Optical Sorting – Aluminium is one of the trickiest metals to sort because, unlike ferrous metals, it cannot be separated using a magnet. Thus, metal recycling plants use optical sorters equipped with infrared sensors to immediately identify the metal from the piles passing through a conveyor belt. Most importantly, the infrared sensors are connected to air supply nozzles along the conveyor belt, blowing away non-metallic materials such as glass and plastic. The mechanism ensures that only metals pass through the optical sorter. It is important to note that optical sorters that separate shredded aluminium cans from other materials must be fast-acting and highly sensitive. It prevents non-metallic materials from mixing and contaminating aluminium metal during recycling.

Powerful Magnet to Pull Other Metals -- Although the remaining pile is free of non-metallic materials, the chances are high that other metal types can be found within shredded aluminium cans. Since the aluminium recycling process is different from that of other metals, it is vital to separate the two. It is made possible through a powerful magnet located at the end of a conveyor belt. As the mixed metal pile falls to a catchment area, the powerful magnet sucks any steel scraps and other magnetic metals. Thus, only aluminium metal falls inside the catchment bin, ready for melting.

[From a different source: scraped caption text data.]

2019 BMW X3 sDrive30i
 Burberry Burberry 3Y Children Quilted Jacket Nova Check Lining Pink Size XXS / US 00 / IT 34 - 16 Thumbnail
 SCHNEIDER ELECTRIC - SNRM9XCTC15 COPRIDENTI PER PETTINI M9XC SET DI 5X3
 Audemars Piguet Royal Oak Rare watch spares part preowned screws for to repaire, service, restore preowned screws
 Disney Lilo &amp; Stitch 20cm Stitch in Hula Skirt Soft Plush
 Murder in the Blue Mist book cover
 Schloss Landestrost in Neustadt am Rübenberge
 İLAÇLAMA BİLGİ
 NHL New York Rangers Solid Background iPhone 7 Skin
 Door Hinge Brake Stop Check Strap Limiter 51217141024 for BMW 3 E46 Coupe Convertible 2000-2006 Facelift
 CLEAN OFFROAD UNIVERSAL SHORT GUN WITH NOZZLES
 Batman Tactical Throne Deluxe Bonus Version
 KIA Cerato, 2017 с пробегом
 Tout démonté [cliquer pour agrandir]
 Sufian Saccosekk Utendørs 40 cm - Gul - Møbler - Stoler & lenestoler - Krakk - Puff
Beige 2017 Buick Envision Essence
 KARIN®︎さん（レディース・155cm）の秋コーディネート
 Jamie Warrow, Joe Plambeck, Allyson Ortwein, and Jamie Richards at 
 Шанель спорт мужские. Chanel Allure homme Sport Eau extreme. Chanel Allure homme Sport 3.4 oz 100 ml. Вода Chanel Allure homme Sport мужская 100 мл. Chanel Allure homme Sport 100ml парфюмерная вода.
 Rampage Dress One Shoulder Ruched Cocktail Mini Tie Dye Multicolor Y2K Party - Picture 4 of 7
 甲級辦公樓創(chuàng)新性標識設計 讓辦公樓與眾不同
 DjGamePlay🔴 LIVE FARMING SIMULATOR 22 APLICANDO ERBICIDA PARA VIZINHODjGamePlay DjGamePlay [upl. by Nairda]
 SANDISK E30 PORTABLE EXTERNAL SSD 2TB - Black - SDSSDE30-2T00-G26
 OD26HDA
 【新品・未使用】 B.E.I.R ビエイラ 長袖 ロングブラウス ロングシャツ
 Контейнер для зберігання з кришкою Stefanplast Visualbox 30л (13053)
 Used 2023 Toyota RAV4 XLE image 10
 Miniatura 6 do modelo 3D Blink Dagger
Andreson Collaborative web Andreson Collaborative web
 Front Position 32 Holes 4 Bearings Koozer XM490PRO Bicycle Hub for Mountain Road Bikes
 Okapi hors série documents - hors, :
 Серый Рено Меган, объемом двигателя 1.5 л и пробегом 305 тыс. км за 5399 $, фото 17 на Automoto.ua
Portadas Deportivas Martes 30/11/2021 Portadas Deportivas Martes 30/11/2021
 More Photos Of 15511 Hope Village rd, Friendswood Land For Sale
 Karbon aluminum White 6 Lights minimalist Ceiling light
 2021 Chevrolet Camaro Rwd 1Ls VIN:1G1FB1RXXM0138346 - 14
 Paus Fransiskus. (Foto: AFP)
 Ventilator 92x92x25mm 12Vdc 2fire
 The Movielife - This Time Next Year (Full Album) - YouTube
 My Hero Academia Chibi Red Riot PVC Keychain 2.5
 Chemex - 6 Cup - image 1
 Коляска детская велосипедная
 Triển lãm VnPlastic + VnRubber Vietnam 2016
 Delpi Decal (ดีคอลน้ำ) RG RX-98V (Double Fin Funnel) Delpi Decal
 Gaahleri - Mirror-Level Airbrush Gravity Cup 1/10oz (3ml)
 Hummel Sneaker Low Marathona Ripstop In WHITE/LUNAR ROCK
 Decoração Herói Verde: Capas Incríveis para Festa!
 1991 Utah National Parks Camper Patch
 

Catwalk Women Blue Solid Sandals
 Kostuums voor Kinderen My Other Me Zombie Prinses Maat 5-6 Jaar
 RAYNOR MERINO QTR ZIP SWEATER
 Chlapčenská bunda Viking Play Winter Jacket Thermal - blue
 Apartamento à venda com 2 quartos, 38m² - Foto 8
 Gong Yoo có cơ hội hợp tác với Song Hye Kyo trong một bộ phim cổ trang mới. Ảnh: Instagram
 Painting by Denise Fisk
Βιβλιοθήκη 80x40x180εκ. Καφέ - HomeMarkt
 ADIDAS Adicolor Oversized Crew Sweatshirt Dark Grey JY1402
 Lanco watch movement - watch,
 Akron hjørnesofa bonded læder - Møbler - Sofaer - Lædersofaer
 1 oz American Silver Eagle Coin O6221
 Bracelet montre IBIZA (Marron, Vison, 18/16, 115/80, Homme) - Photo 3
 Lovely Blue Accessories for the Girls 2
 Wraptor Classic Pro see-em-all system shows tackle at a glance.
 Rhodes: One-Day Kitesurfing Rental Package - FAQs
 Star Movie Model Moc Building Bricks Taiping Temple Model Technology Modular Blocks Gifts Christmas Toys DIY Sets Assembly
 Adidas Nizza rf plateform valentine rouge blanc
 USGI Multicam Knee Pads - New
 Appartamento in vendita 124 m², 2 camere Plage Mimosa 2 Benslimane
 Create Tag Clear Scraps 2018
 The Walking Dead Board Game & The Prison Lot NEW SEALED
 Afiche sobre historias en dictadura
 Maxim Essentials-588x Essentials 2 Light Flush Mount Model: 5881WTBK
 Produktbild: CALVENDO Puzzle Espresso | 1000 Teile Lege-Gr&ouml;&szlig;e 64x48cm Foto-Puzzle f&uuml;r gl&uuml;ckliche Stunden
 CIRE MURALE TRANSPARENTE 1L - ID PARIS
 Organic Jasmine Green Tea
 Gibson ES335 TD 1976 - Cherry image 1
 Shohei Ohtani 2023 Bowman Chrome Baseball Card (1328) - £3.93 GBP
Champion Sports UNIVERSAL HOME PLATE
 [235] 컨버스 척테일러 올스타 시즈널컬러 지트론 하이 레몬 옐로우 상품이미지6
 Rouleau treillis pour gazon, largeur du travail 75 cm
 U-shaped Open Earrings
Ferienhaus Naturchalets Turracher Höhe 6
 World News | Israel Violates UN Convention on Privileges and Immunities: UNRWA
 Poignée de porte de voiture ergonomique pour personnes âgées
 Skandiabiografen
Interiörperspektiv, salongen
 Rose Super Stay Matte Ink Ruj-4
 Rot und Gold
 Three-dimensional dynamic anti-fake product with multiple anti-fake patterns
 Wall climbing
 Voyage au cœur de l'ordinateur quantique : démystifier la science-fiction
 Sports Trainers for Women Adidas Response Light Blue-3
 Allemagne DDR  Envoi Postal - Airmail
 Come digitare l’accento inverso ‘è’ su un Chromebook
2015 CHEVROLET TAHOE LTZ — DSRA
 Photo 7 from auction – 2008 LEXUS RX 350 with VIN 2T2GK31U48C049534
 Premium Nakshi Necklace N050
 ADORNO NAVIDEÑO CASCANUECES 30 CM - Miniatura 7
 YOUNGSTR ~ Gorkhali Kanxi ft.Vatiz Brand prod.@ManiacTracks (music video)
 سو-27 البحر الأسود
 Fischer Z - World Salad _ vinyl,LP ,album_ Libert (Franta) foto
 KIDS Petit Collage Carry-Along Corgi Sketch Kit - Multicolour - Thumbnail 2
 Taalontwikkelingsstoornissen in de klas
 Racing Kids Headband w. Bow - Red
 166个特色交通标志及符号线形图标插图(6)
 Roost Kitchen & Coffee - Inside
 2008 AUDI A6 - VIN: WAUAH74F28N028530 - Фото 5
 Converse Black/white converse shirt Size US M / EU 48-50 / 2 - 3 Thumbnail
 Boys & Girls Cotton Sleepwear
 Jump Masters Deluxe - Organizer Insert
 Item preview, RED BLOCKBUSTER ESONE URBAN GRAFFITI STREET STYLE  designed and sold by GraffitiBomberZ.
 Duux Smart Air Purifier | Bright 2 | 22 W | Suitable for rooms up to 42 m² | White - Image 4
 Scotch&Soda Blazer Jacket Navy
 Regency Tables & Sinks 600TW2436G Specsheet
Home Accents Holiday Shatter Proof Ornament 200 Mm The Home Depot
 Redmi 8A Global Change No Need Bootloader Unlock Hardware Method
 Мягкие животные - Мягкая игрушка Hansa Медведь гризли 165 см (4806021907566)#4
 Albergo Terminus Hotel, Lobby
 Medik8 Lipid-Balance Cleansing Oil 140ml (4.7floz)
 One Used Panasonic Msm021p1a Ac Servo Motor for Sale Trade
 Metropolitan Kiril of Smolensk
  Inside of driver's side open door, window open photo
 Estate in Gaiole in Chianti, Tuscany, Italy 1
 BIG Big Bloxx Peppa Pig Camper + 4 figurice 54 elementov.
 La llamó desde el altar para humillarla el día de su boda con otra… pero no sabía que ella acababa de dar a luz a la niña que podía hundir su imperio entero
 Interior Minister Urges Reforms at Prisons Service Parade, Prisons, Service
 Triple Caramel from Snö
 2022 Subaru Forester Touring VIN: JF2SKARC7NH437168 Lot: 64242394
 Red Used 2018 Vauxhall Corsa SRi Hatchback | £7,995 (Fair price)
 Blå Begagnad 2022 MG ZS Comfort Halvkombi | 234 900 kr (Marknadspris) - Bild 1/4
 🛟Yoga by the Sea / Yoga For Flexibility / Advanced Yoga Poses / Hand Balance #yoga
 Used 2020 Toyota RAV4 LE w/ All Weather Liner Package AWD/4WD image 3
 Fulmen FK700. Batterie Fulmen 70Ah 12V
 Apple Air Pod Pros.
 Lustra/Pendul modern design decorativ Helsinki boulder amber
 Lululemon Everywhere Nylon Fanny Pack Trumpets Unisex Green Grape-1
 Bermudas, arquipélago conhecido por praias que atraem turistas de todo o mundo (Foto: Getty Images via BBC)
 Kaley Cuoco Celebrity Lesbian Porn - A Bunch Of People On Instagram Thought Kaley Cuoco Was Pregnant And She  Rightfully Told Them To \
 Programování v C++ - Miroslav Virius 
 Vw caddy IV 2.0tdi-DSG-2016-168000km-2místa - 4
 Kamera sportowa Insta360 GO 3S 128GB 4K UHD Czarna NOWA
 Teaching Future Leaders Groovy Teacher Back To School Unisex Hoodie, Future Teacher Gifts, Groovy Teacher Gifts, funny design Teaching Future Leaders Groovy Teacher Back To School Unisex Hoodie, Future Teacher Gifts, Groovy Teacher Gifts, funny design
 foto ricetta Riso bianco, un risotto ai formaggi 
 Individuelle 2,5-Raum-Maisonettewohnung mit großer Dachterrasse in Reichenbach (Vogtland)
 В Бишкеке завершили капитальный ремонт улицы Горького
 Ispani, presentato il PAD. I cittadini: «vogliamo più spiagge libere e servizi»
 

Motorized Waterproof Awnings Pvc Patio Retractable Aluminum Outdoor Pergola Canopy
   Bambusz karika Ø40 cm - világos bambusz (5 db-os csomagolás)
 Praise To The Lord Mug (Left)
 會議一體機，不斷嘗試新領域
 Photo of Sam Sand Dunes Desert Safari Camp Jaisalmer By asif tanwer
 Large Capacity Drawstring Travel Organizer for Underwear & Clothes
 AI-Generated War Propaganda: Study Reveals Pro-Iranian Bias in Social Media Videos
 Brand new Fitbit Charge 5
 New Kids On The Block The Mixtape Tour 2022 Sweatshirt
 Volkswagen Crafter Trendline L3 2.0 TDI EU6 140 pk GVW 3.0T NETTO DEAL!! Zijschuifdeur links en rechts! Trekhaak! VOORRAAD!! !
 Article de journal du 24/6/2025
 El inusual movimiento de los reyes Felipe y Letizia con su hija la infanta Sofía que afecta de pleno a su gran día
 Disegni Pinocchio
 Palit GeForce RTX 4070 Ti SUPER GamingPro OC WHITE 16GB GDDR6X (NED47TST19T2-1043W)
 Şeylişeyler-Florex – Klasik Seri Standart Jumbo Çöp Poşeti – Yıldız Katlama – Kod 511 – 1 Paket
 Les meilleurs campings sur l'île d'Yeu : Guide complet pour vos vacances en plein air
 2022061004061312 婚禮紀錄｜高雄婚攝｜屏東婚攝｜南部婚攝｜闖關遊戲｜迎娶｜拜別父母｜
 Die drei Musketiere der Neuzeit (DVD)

Vaporising Paint and Lacquer -- The paint and lacquer on the sides of aluminium beverage cans can contaminate the recycling process; therefore, removal is essential to the integrity of the finished product. Notably, the most effective way to remove the paint and lacquer is to vaporise them, which requires extremely high temperatures. Most people think that the temperatures vaporise the paint and lacquer and, at the same time, melt the shredded aluminium. However, it is not the case because aluminium does not melt until temperatures reach 660 degrees Celsius. Thus, the paint and lacquer are not so lucky since they easily vaporise way before temperatures reach aluminium's melting point. The process leaves behind clean aluminium chips that are melted and cast into towering blocks of aluminium called ingots.